Hungary has become the latest flashpoint, with police locked in a stalemate with thousands of refugees who have streamed across a new route through the Western Balkans in recent months.
More than 1,000 migrants stranded for days at Budapest's main train station left the building yesterday, intent on walking to the Austrian border. Some were on crutches, while some parents carried their children on their shoulders.
"We are very happy that something is happening at last, The next stop is Austria. The children are very tired, Hungary is very bad, we have to go somehow," 23-year-old Osama from Syria told AFP.
Hungary meanwhile shut its main border crossing with Serbia after about 300 people escaped from a nearby refugee camp in Roszke. Separately 500 migrants refused for a second day to get off a train that police stopped en route to the Austrian border.
The scenes will increase international pressure on Orban, who has been criticised for building a fence on the border with Serbia to keep out migrants, and for comments warning that Europe's Christian roots were at risk from Muslim migrants.
At least 30 more migrants are feared to have drowned off Libya after their dinghy began to sink, the International Organisation for Migration said yesterday.
The human cost of the migrant crisis has been underscored by the drowning of Aylan, and the images of the child's lifeless body, in a T-shirt, shorts and shoes, lying face down on the beach.
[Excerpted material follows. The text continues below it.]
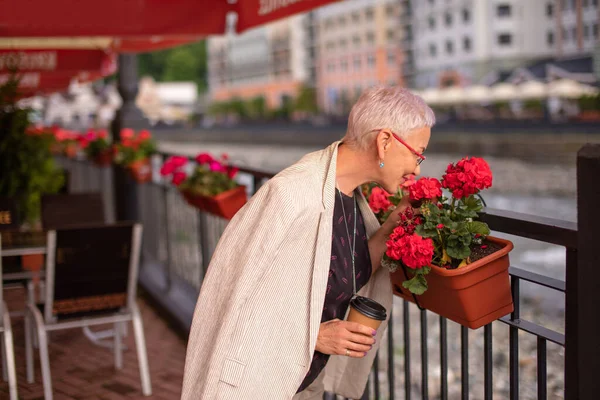 Vistitor av caféet luktar vackra röda blommor — Stockfoto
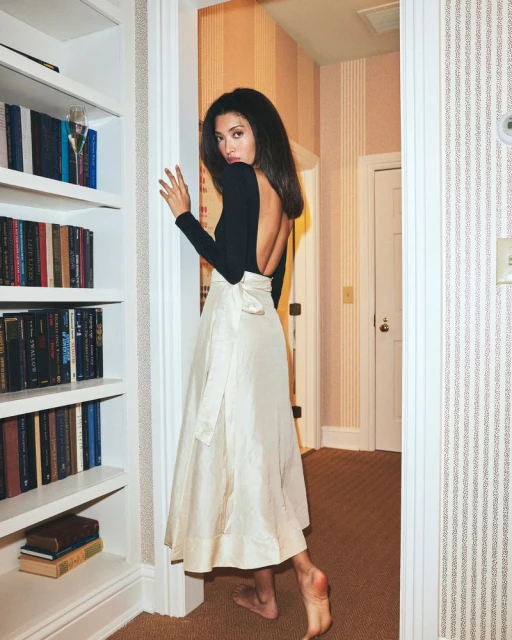 Elegant woman in a black top and ivory skirt stands beside a bookcase, creating a poised and stylish image, indoor setting with wallpaper.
Reports said the family were trying to get to Canada but Ottawa denied it had received an asylum request from them.
The picture sent shockwaves across the world, with charity Migrant Offshore Aid Station, which helps rescue migrants in the Mediterranean, saying it had received a record 600,000 euros in donations since it was published.
But it has also prompted a furious reaction, with President Recep Tayyip Erdogan of Turkey, which hosts 1.8 million Syrian refugees, accusing European leaders of turning the Mediterranean into a "cemetery".
Russian President Vladimir Putin, a long-standing ally of Syrian leader Bashar al-Assad, said Europe's migrant crisis was an "absolutely expected" result of the West's policies in the Middle East.